Bij het opleggen van een of meer van de in het eerste lid genoemde tuchtmaatregelen kan het tuchtcollege tevens bepalen dat zijn beslissing, al dan niet met vermelding van de gronden waarop zij berust, in een of meer in de beslissing aangewezen tijdschriften of nieuwsbladen openbaar zal worden gemaakt.
3.
Bij het opleggen van een geldboete bepaalt het tuchtcollege de termijn of de termijnen, waarbinnen de geldboete moet worden voldaan. De te betalen geldsommen komen toe aan de Staat. Betaling van de geldsom geschiedt aan Onze Minister.

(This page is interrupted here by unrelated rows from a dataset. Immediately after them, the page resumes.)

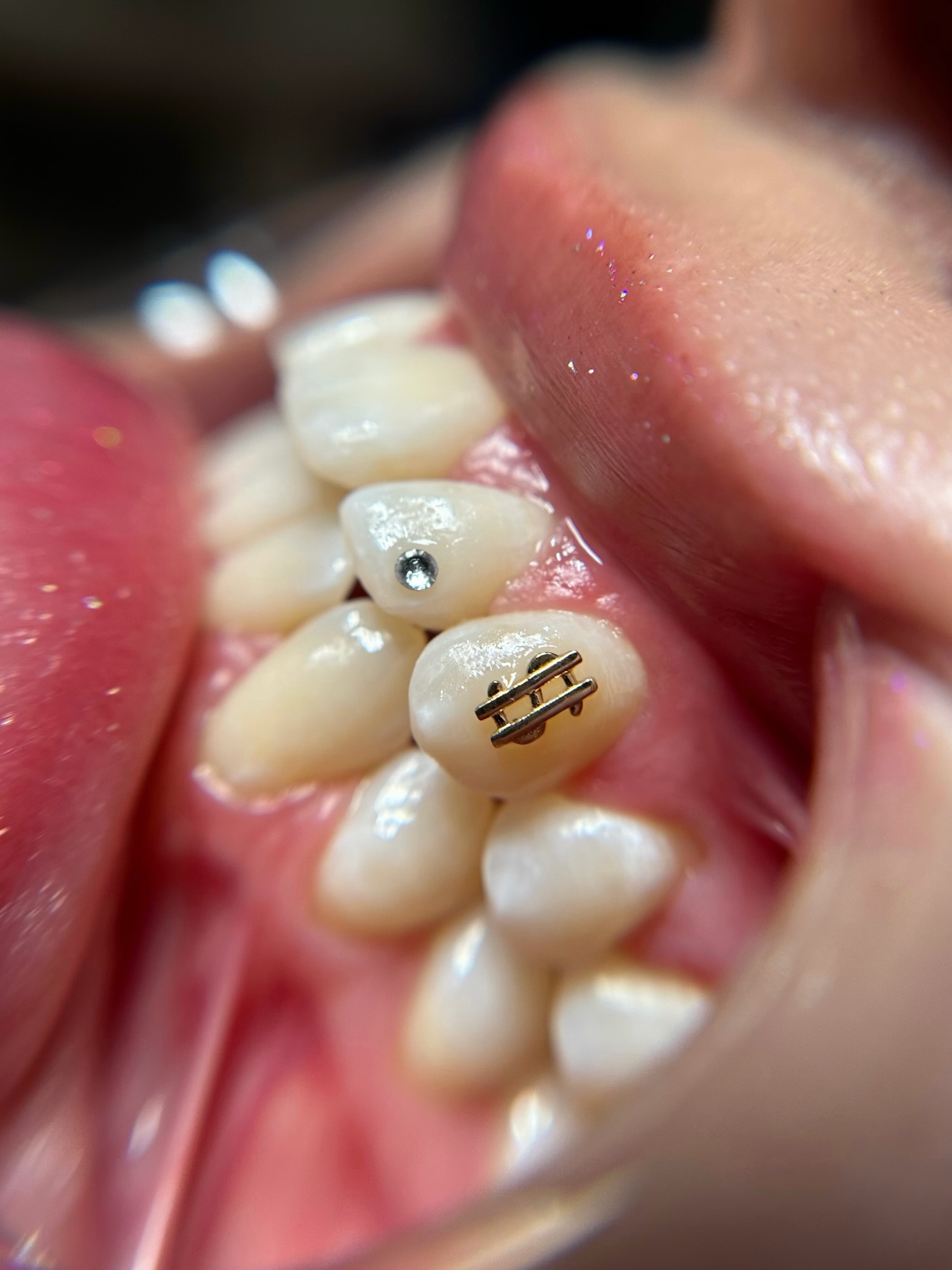 they don’t just add sparkle… they change your whole smile ✨🦷
naperville | chicagoland
book your glow when you’re ready 💎
#teethwhiteningnaperville
#toothgemsnaperville
#chicagolandbeauty
#toothgems
#napervillebeauty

Voor de toepassing van titel 4.4 van de Algemene wet bestuursrecht wordt de uitspraak van het tuchtcollege aangemerkt als een beschikking als bedoeld in artikel 4:86 van die wet.
4.
Bij het opleggen van de tuchtmaatregelen, genoemd in het eerste lid, onder c en d, kan het tuchtcollege bepalen dat deze geheel of ten dele niet zullen worden ten uitvoer gelegd, tenzij het tuchtcollege bij een latere beslissing anders mocht bepalen op grond van het feit dat de betrokken kapitein of scheepsofficier zich voor het einde van een bij die oplegging te bepalen proeftijd van ten hoogste twee jaren heeft gedragen in strijd met de zorg die hij als een goed zeeman in acht behoort te nemen ten opzichte van de opvarenden, het schip, de lading, het milieu of het scheepvaartverkeer.
5.
De tuchtmaatregelen, genoemd in het eerste lid onder c en d, en de bijkomende maatregel van openbaarmaking, genoemd in het tweede lid, kunnen eerst worden ten uitvoer gelegd nadat de beslissing van het tuchtcollege onherroepelijk is geworden.